As the founder and owner of The Salt Lake Roasting Company, he has spent 36 years selling coffee in a state where practicing members of the predominant religion abstain from his primary product.
And no one would have questioned Bolton if he had quit when Salt Lake City bought his coffee shop on the southeast corner of 300 East and 400 South — along with the old Barnes Bank building next door — to make way for an affordable housing development.
Instead of retirement, though, the 67-year-old Bolton has poured his soul into creating a new location for The Roasting Company five blocks east at 820 E. 400 South. “I don’t picture myself retired,” he said. “I like what I do.”
For those seeking one last cup of Utah coffee nostalgia, Bolton said the old shop should be open for about one more week.
“There are a lot of memories there,” he said, although he hasn’t had time to feel melancholy while overseeing a remodel of the old Wasatch Pizzeria building. The Roasting Company will now sit next to a lube and oil business, across the street from a fast-food Mexican restaurant and just a few steps from a TRAX stop.
Customers should immediately recognize the new building, with the same “Bora Bora” blue exterior paint, a nod to the developing nations where coffee beans originate.
“When I travel to South America, everything is pastel,” Bolton said. “Life is hard, and painting buildings bright colors cheers people up.”
At 3,500 square feet, the new store is half the size of the current one, and that’s by choice. “I’m not upscaling,” Bolton said during a recent interview. “There are so many good places to have coffee now. It doesn’t make sense.”
The smaller space has its advantages, like updated plumbing, modern electricity and a street-level door for deliveries, something the old building — constructed in 1951 — lacked. No longer will Bolton and his employee have to carry 154-pound bags of coffee beans down, and then up, a set of 22 stairs.
Several weeks ago, a crane lifted the German coffee roaster, which Bolton bought in 1983, out of the old building. It was rolled into its new spot on pipes.
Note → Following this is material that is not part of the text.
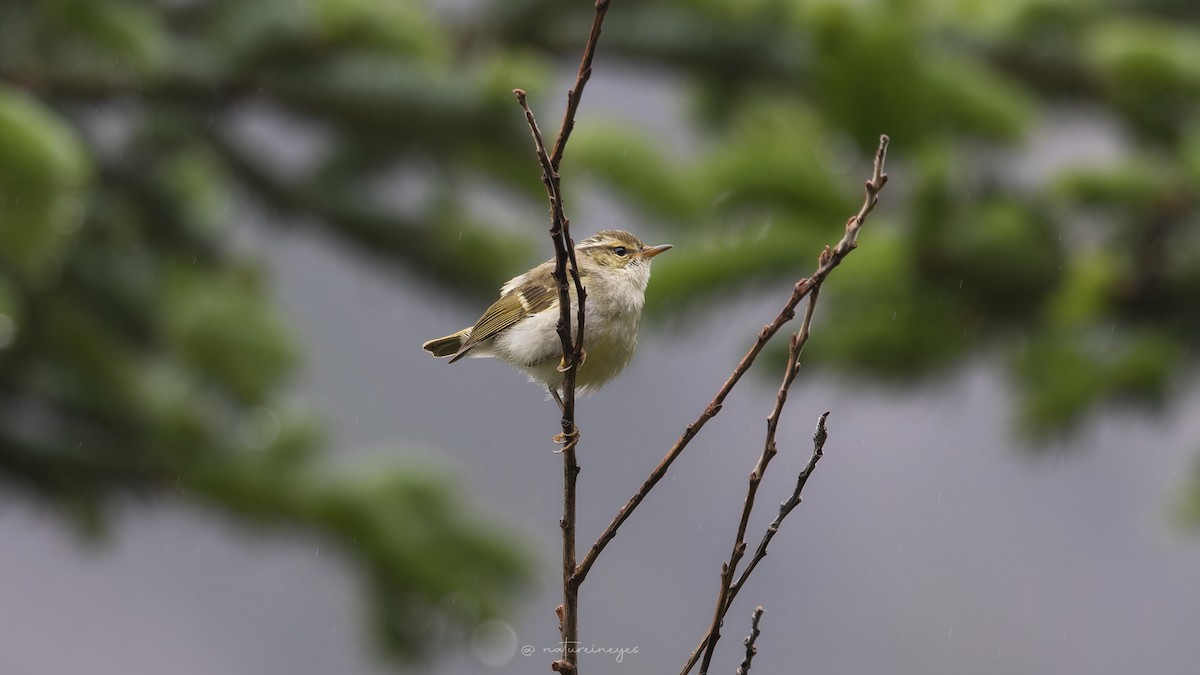 Chinese Leaf Warbler - ML620698706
Hanging above it is “The Roasting Company” sign, in neon red and green.
There are other familiar touches customers might recognize: the metal door handles, the iron gates that surrounded the patio, the raised maps of coffee-growing regions and the wood case with drawers that stored coffee.
Bolton said he couldn’t bring the large world map, as it was glued to the walls. But he searched the web and was able to find another that now hangs in the new loft.
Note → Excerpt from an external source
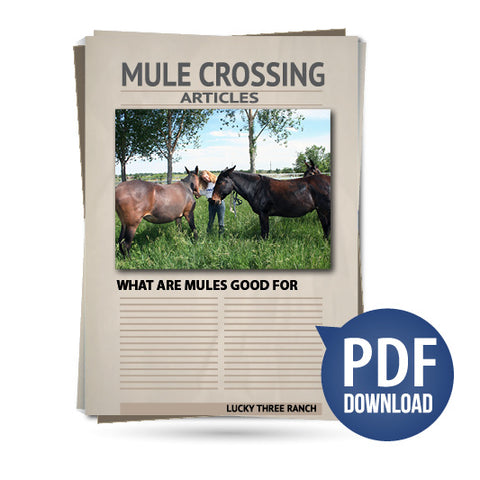 What Are Mules Good For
Those old favorites will be mixed with more modern high ceilings, skylights and a stand-up bar as well as high-tech brewing systems that will provide batch coffee and coffee by the cup.
Such technology wasn’t available in 1981 when Bolton, a chef at Snowbird Ski Resort, started roasting coffee beans. “My initial dream was to open a restaurant that had good coffee,” he said.
He sold roasted coffee beans wholesale for a few years before opening The Roasting Company two years later in the building where Stoneground Kitchen now stands. It was the first coffee roaster between Denver and San Francisco, and it became a symbol of the Utah counterculture. In 1991, the shop moved to its current spot across the street. About three years ago, Bolton sold the building to Salt Lake City when officials informed him of their plans for a housing development.
Throughout the years, Bolton has traveled the world — from Ethiopia and Zimbabwe to Mozambique and Kenya — in search of sustainable, organic beans.
With so many years of experience, he was naturally skeptical of the “third wave” of coffee roasters that have opened in Utah in the past five years.
“At first, I thought no one was going to tell me how to do things; I’ve been doing this 25 years,” he said. But over time “it has brought interesting things to the table and competition makes you better. At least it has made me better.”
Today, he sees coffee shops as modern-day bars, places you go for camaraderie.
“You have to have a good product,” he said, “but you also have to make people feel welcome and part of something.”
Bolton, who started his family later in life — he and his wife are raising three children ages 11, 8 and 6 — hopes the new location will bring longtime customers and a new generation of coffee drinkers.
“I’m at peace with the move,” he said. “I still get to do what I’m good at, which is roasting coffee.”